Kevin Grady/Radcliffe Institute

Science & Tech

‘Siri, who provided your voice?’

5 min read

At Radcliffe symposium, actor explains her early role in communicating for iPhone

She’s had conversations with millions of people and most of them have no idea what she looks like.

The woman behind one of the most famous voices in North America visited Harvard on Friday to explain how she became the sound of the first iterations of the Apple iPhone’s virtual assistant, Siri. Instead of a stilted, computerized voice for their newest product in 2011, the high-tech giant opted for the dulcet tones of voice actor Susan Bennett.

“I feel like I know a lot of you already,” Bennett joked with the crowd at the Radcliffe Institute for Advanced Study’s symposium “Beyond Words: Gender and the Aesthetics of Communication,” a daylong conference that examined body communication, and included talks on perfumes, tattoos, sign language, dance, and fashion.

Bennett was part of a panel which explored advances in social robotics and artificial intelligence (AI), a field of computer science set to revolutionize the way we live in the years and decades to come. While certain AI technologies — think self-driving cars — are still in the testing phase, others, like Siri, have become essential parts of our daily lives. Today, in addition to Siri, there is Alexa, Amazon’s virtual assistant that responds to queries and requests when its name is called; Cortana, the virtual assistant created by Microsoft for several Windows platforms; and the nameless Google Assistant.

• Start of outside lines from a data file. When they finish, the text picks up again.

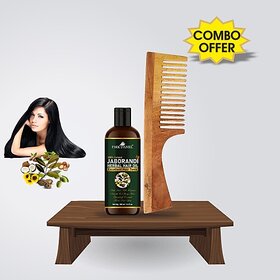 PARK DANIEL Premium Jaborandi Oil Hair OiL (100 ml) & Natural & Ecofriendly Handmade Neem Wooden Dressing Handle Comb(7.5 inches) 1 Pc - Pack of 2 Item (2 Items in the set)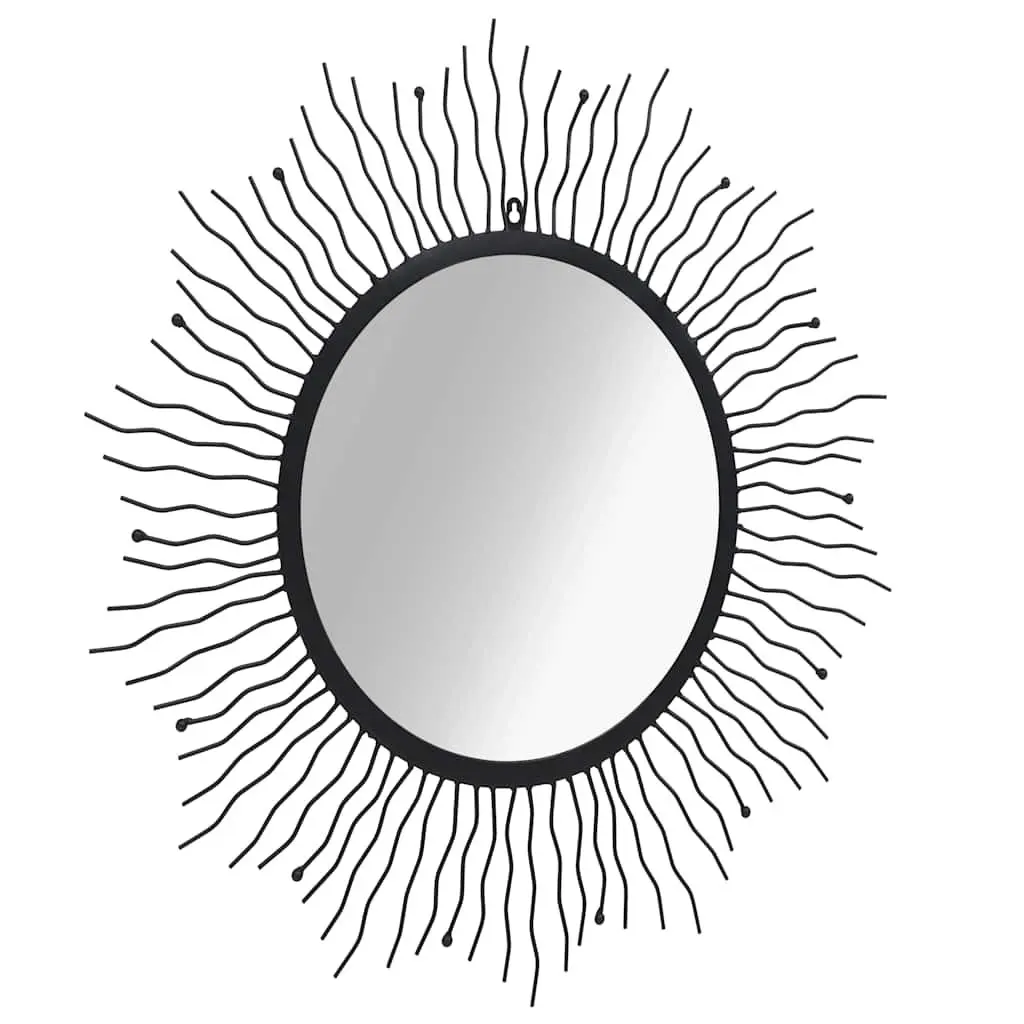 Garden Wall Mirror Sunburst 80cm Black Outdoor Patio Decor Antique Powder Coat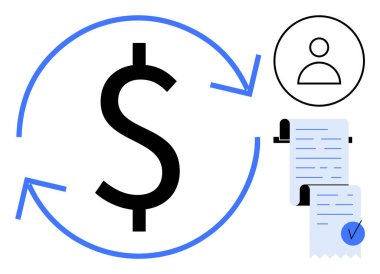 Etrafında dönen oklar olan büyük bir dolar işareti. Sağda, bir kişi simgesi ve yuvarlanan makbuzlar mali işlemleri gösteriyor. İş yönetimi, finans izleme ve finans hizmetleri için ideal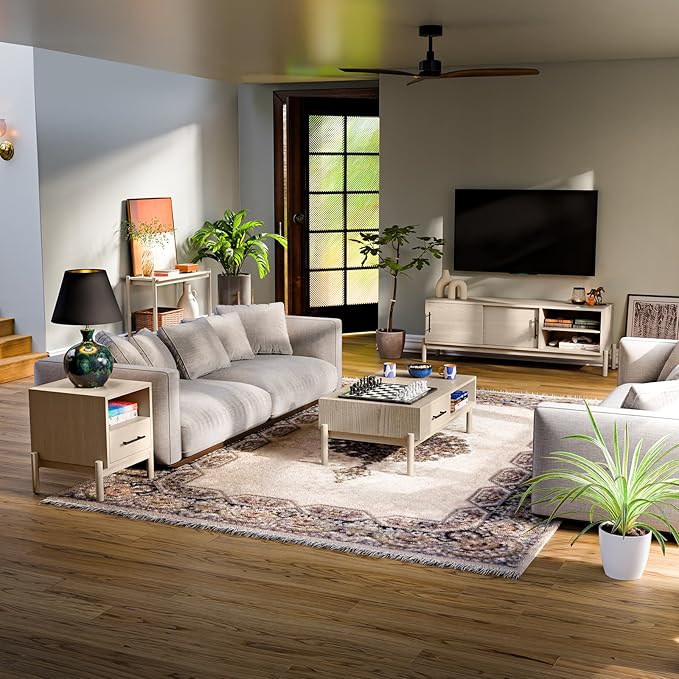 Bme Coffee Table for Living Room, Lyra Solid Wood Rectangle, Mid Century Modern - Image 6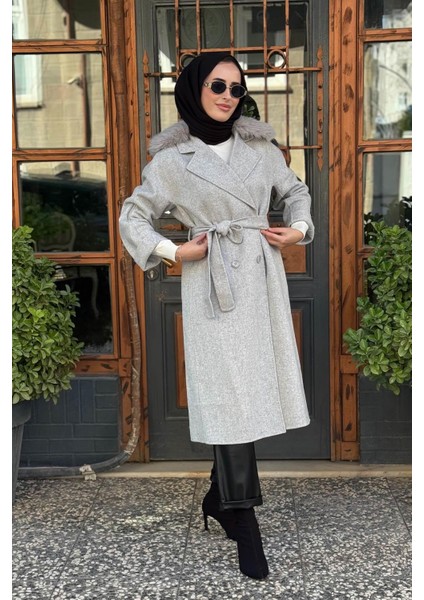 Premium Yün Kürklü Kruvaze Düğmeli Kaban KA-A23-17024 Gri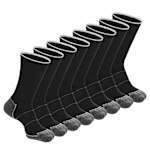MENS WORK CREW SOCKS 8 PAIRS - BLACK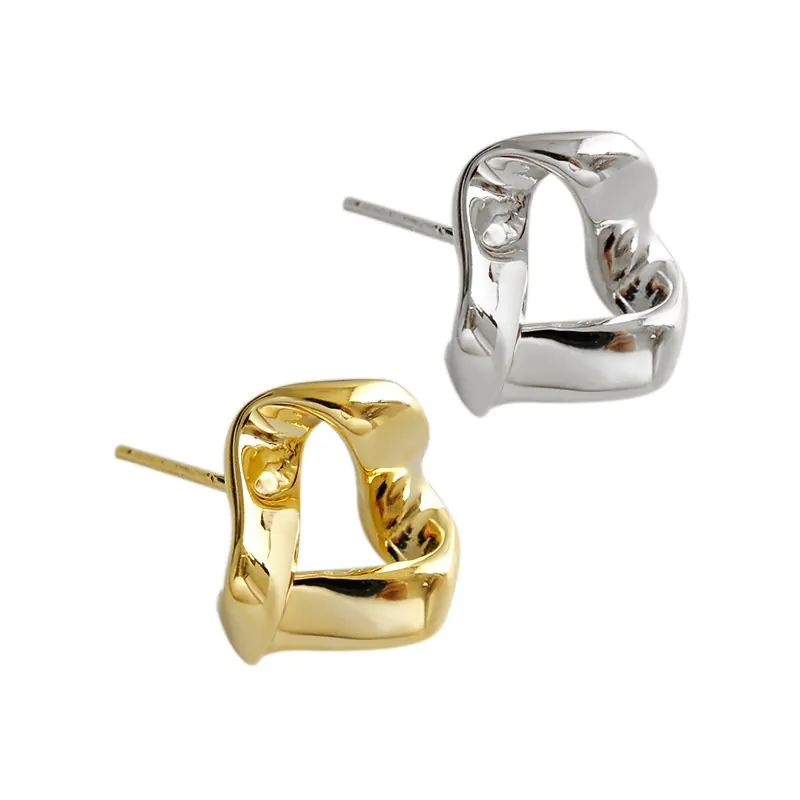 Mobius Triangle Geometric 925 Sterling Silver Stud Earrings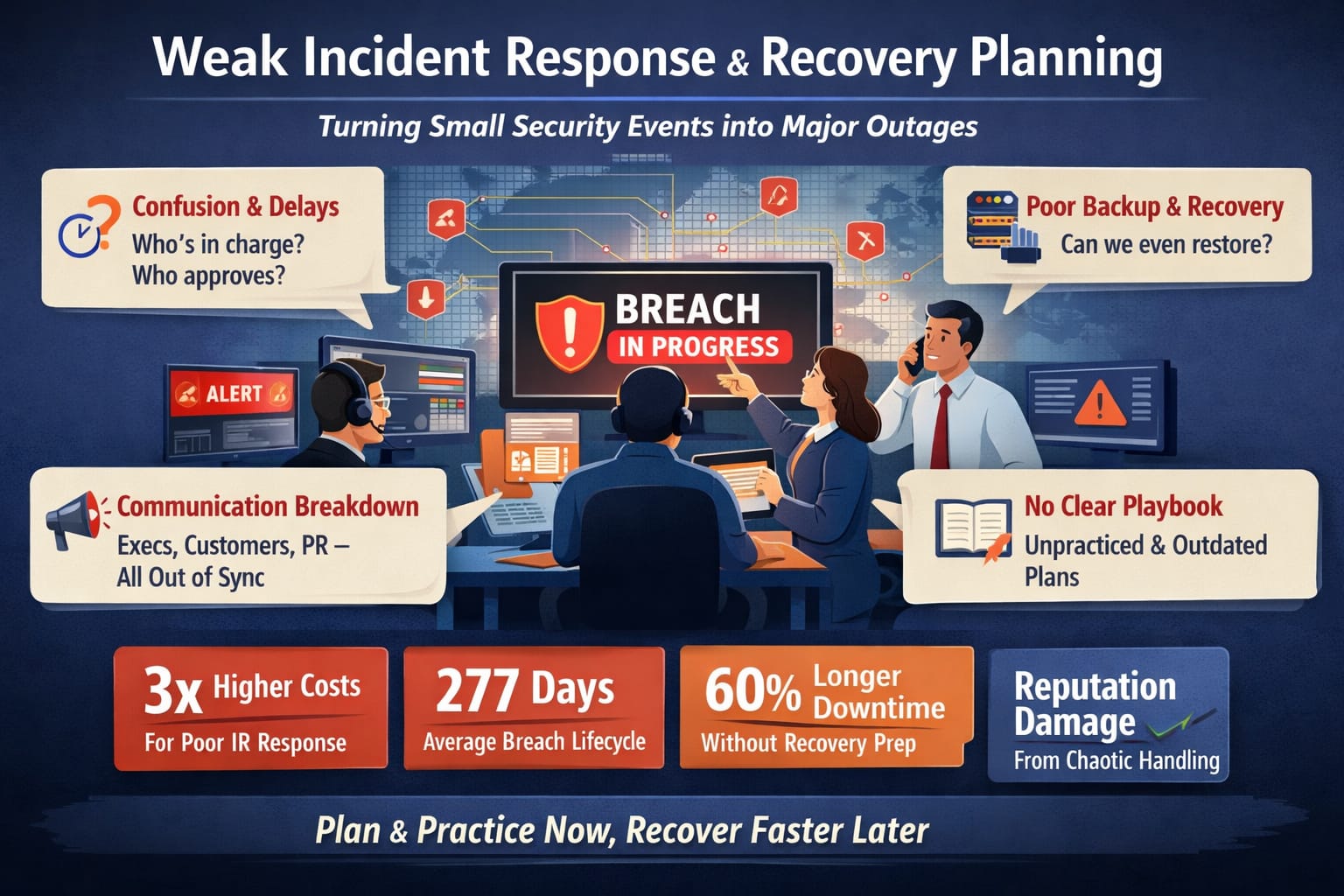 Weak Incident Response & Recovery Planning: The Enterprise Risk That Turns Small Incidents Into Major Outages Weak Incident Response & Recovery Planning: The Enterprise Risk That Turns Small Incidents Into Major Outages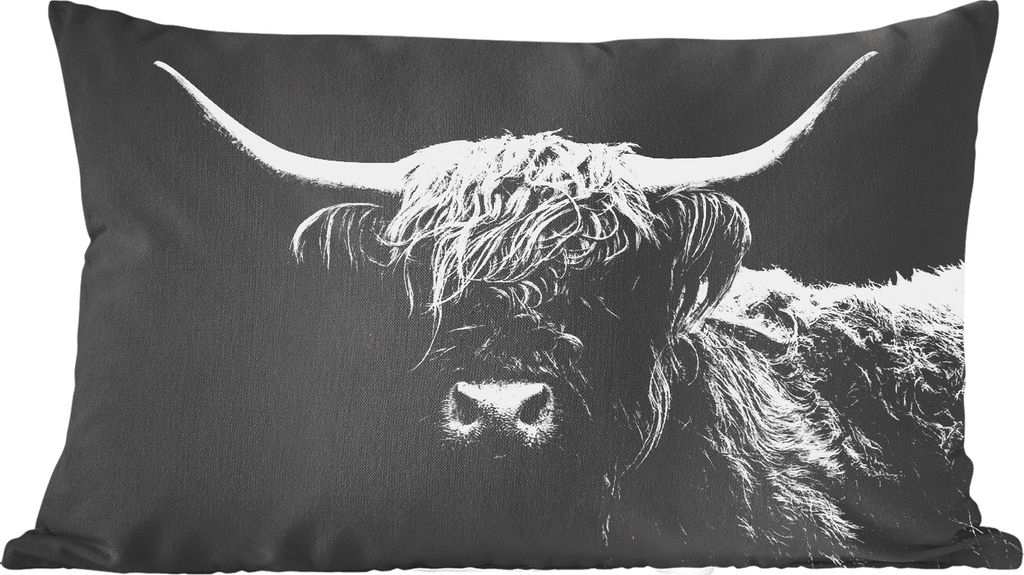 MuchoWow Zierkissen Sofakissen Wohnzimmer Dekokissen 50x30 cm Schottisches Hochlandrind - Kuh - Schwarz - Weiß - Tiere - Wohnzimmerdekoration - ...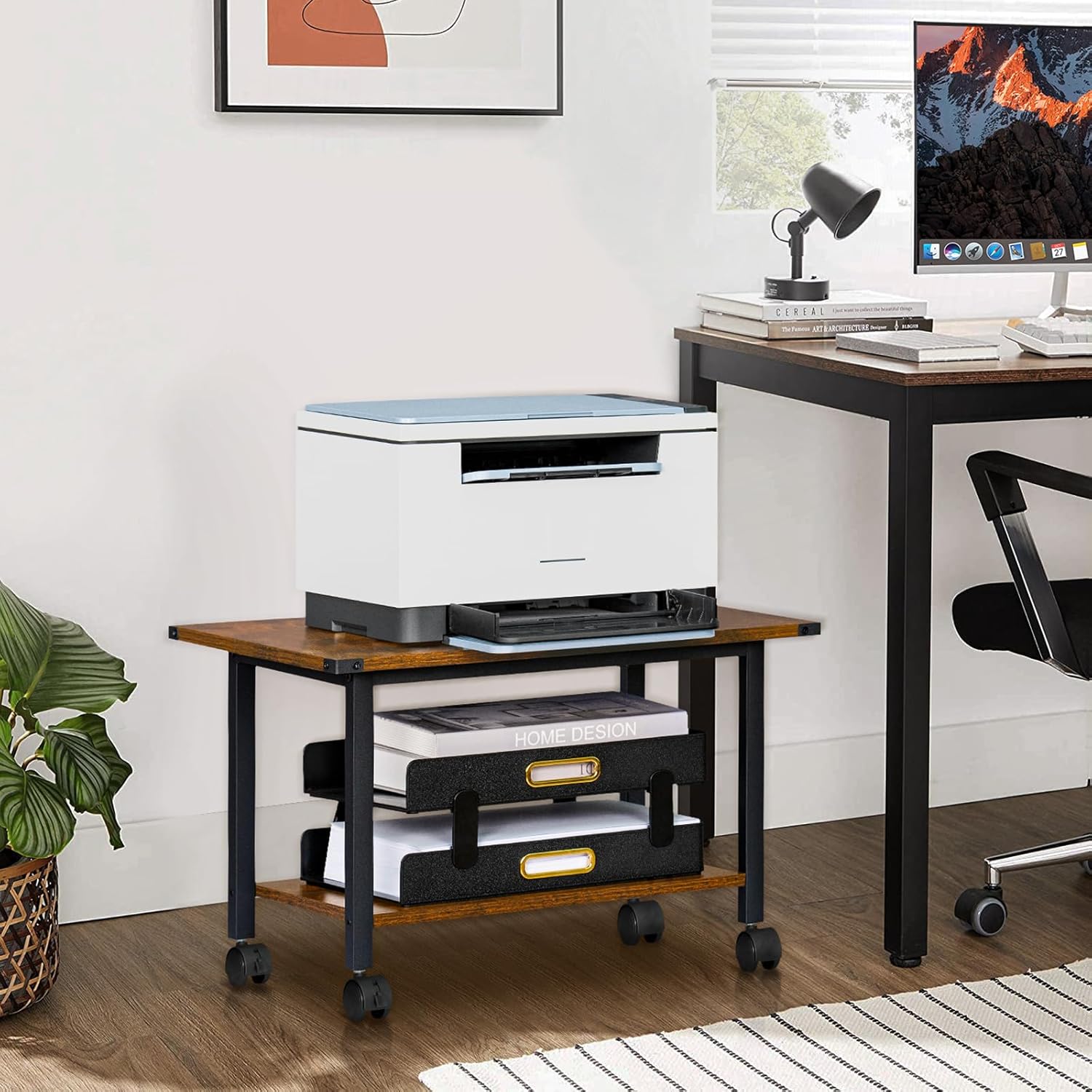 Lerliuo Under Desk Printer Stand, 2-Tier Industrial Mobile Printer Table with Storage Shelf and Steel Frame, Rolling Printer Cart Holder with Lockable Wheels for Home, Office (Rustic Brown)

Bennett, a longtime singer and voice-over artist, said she had no idea she would become the voice of Siri when she began the tedious work of recording scripts “created just for sound and not at all for content or meaning,” several years ago. Sample lines included phrases such as “cowboys in the cow pod today” and “say the shredding again.”

They were “pretty wacky,” Bennett said of the nonsensical phrases that took four months to complete despite recording for four hours a day, five days a week. But those silly series of strung-together words allowed engineers to “get all of the sound combinations in the language” in a digital format, she said, and were essential to the next phase of the project: concatenation, during which computer programmers rearranged the sounds into new sentences.

“These are what ended up on our phones,” said Bennett, who lamented the fact that the original Siri, known for responding with a dose of attitude, has already been supplanted by a hipper, higher-pitched, and younger-sounding voice, one that likes to reply in a more casual, offhanded manner.

Siri, Bennett said, has “become a millennial.”

Offering up another perspective on the virtual assistant was Noelle LaCharite, a software engineer and a lead developer for Alexa, who reminded listeners that while the ability to converse with a computerized device may seem like magic, it takes thousands of people to make it a reality.

“It’s built on the backs of developers,” who take Alexa’s failure to understand a command or request and “hard-code in the solution,” said LaCharite. As part of a team of coders who helped program Amazon’s voice assistant in its earliest days, LaCharite said she made it her mission to write 800 lines of code for Alexa that resulted in 600 different daily affirmations for users who might be in need of a little pep talk or motivation. “I realized now as storytellers, as really just human beings,” she said, “our job is to be constantly thinking about these infinite ways we should be able to communicate.”

Cynthia Breazeal, associate professor of media arts and sciences in the MIT Media Lab and founder and chief scientist behind the social robot Jibo, said her work has focused on how to design robots that can more effectively communicate with humans and how that communication in turn affects human behavior. During her research Breazeal said she has found that the more human-like a robot, the better people seem to respond. Her studies have repeatedly shown that children relate better to, and often emulate, a robot that is more expressive with its voice and its movements and that displays a sense of empathy. “I think we are at the beginning of thinking about this world interacting with AI with intention,” said Breazeal.

In a day of discussions devoted to the topic of how humans use their bodies to communicate, it seemed only fitting to have a speaker dedicated to fashion. Valerie Steele, director and chief curator of The Museum at the Fashion Institute of Technology, delivered the keynote address, noting that through the centuries clothing has been used to send messages, attract attention, and cover flaws. The corset endured from 1500s through the mid-20th century, she said, because it was a way for women to show off their bodies’ best features while hiding their worst.

“The corset is a lie but we prefer the lie to the truth,” said Steele, quoting a 19th-century doctor during her talk. Similarly, she credited the business suit’s lasting popularity to the fact that it camouflages “all the myriad flaws in male bodies like corsets were supposed to do in female bodies.”